James was extremely skeptical, but his awesome ABA Team swung him into -- cooking bacon. And not just any bacon, oh no. They brought a delectable offering from Oliver's.

At first, James retreated down the hall. Bacon smells when it cooks, and I don't make it that often. Then too, he knew that he would also be expected to touch and taste it this time. Trying new foods is not what James wants at all. But, he is growing still and needs to be comfortable with eating a wider variety of foods.

I watched, as discretely as a mom can watch her child in action to achieve. James did a great job of stepping up to the pan and using tongs to turn the bacon while the fat sizzled, snapped and popped. He even rearranged the bacon slices to lie flat and straight in the pan.

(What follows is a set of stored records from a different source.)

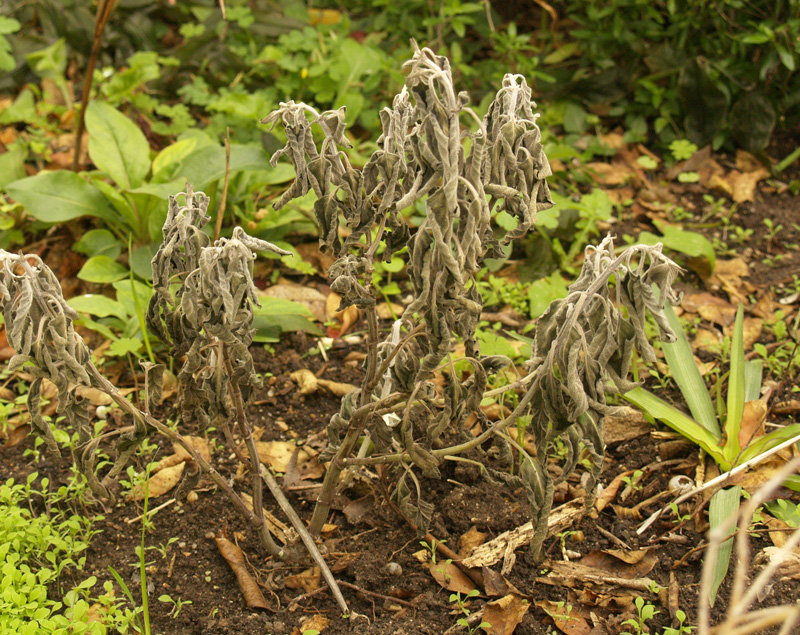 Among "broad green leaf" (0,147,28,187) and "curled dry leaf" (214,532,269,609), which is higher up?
"broad green leaf" (0,147,28,187)

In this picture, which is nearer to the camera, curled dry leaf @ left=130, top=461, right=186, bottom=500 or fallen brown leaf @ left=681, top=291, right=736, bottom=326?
curled dry leaf @ left=130, top=461, right=186, bottom=500

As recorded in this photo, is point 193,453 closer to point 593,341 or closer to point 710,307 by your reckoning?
point 593,341

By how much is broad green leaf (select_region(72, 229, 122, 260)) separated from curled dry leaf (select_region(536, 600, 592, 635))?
7.79 ft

At the end of the session, he presented me with this tasty delight:



As they say on that show, attention to detail is what makes you an excellent chef.

Way to go, James - and thanks to his ABA team!

Wednesday, October 21, 2020

Lalalalala - Healthcare Type

So, I've known for a while that I cannot die while James is alive (the autism parent joking / not joking meme).

Now, looking at the copays and rises in healthcare coverage for the coming year, I realize I cannot be sick or go to the doctor, either. 

Which is a shame, because that could bring on a panic attack if I think too hard on that one. 

Cue the lalalala's, which are cheaper than Prozac ....



Wednesday, October 14, 2020

IEP via Zoom a la COVID-19 in 2020

 So James' triennial IEP was last month. Assessments were largely done online, with some phone calls. Because of COVID-19 and lack of guidelines for IEP testing and enforcement during a pandemic, this all happened very close to the IEP meeting. Legally, this all needs to be set up and results and proposed goals available two weeks in advance of the meeting. Normally the meeting and attendees are set. I hardly ever get the test results and proposed goals before I sit down at the meeting table, but that is another story. 

 In fact, with 10 days or less before the meeting, I still did not have confirmation that it was happening and who was attending. I had to call to to confirm this, as I had to plan my remote work schedule and PTO requests. The interview call with the teacher was 2 days before the IEP. 

I get it. Normally, I have notes prepared about how James is doing right now, where he needs support, and thoughts about goals for the coming year - not rubber stamping goals, actual helpful, educational goals. This year I had almost nothing.  

I was so nervous, because James' placement is up for discussion each year now. Luckily, this was renewed for the school year and what I still call Summer School. The meeting participants joined the Zoom call. It was one of the quickest meetings I have had for James. We are all iffy on the ability to set and monitor effective goals but we are giving it our best shot. I can always call for a meeting later to discuss or ask for amendments. 14 year into this and we are still establishing baselines ... 

Tonight, 49 pages and an attachment file with notes and questions, I have reviewed, signed, and returned, with comments/questions. I am exhausted.